- Carter c. 1975
- Born: Linwood Vrooman Carter June 9, 1930 St. Petersburg, Florida, US
- Died: February 7, 1988 (aged 57) Montclair, New Jersey, US
- Education: Columbia University
- Occupations: Writer; editor; critic;
- Spouses: ; Judith McQuown ​(divorced)​ ; Noël Vreeland ​ ​(m. 1964, divorced)​
- Writing career
- Period: 1965–1988
- Genres: Fantasy, science fiction
- Subject: High fantasy (as critic)
- Notable work: Imaginary Worlds

= Lin Carter =

American fantasy writer, editor, poet and critic

Linwood Vrooman Carter (June 9, 1930 - February 7, 1988) was an American author of science fiction and fantasy, as well as an editor and critic. He usually wrote as Lin Carter; known pseudonyms include H. P. Lowcraft (for an H. P. Lovecraft parody) and Grail Undwin. In the 1970s he was editor of the Ballantine Adult Fantasy series, which introduced readers to many overlooked classics of the fantasy genre.

==Life==
Carter was born in St. Petersburg, Florida. He was an avid reader of science fiction and fantasy in his youth, and became broadly knowledgeable in both fields. He was also active in fandom.

Carter served in the United States Army (infantry, Korea, 1951–53), and then attended Columbia University and took part in Leonie Adams's Poetry Workshop (1953–54). He was an advertising and publishers' copywriter from 1957 until 1969, when he took up writing full-time. He was also an editorial consultant. During much of his writing career he lived in Hollis, New York.

Carter was married twice, first to Judith Ellen Hershkovitz (married 1959, divorced 1960) and second to Noel Vreeland (married 1963, when they were both working for the publisher Prentice-Hall; divorced 1975).

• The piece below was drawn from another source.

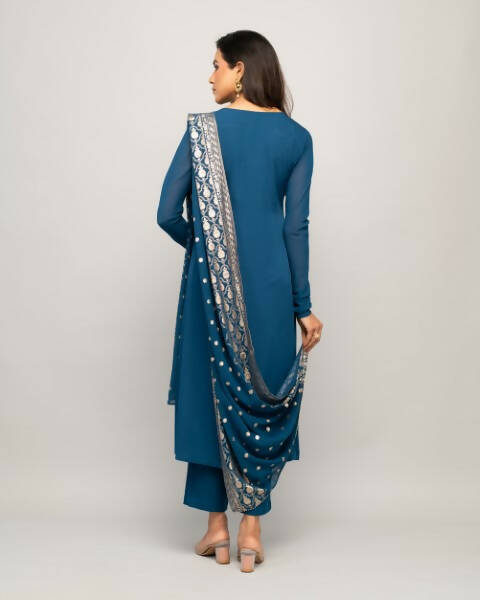 FIORRA Women's Teal Blue Creap A-Line Kurta Pant With Dupatta - Swadesiicart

Carter was a member of the Trap Door Spiders, an all-male literary banqueting club which served as the basis of Isaac Asimov's fictional group of mystery-solvers, the Black Widowers. Carter was the model for Asimov's character Mario Gonzalo. Carter was also a member of the Swordsmen and Sorcerers' Guild of America (SAGA), a loose-knit group of Heroic fantasy authors founded in the 1960s, some of whose work he anthologized in the Flashing Swords! series.

In the 1970s Carter published one issue of his own fantasy fanzine Kadath, named after H. P. Lovecraft's fictional setting (see The Dream-Quest of Unknown Kadath). About 3,000 copies were printed; however, the printer was in a dispute with the binder, who held the copies. While Carter paid the printer, the printer decamped to California. When Carter went to see the binder, he was told that the copies had been kept for a while, but then most had been thrown out. Carter believed that only about 30 copies of the issue survived. It contained Carter's Cthulhu Mythos story "The City of Pillars" (pp. 22–25).

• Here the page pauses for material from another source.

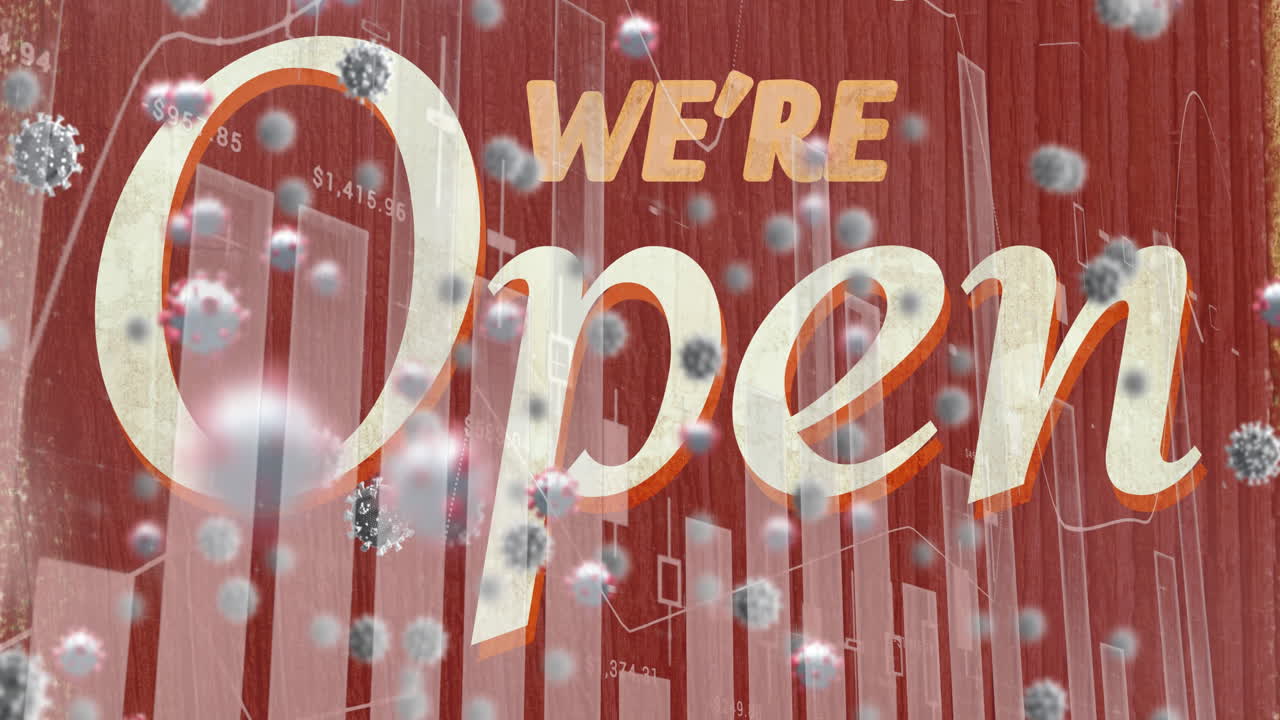 暗い背景の上に浮かぶマクロcovid-19細胞と図面の上に開いているテキストのアニメーション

Carter resided in East Orange, New Jersey, in his later years, and drank and smoked heavily. It was probably smoking that gave him oral cancer in 1985. Only his status as a Korean War veteran enabled him to receive extensive surgery. However, it failed to cure the cancer and left him disfigured.

Carter held gatherings of writers under the aegis of 'the New Kalem Club' (in tribute to the original Kalem Club) - meetings which were attended by Robert M. Price, S. T. Joshi, Peter Cannon and others, including occasionally Frank Belknap Long.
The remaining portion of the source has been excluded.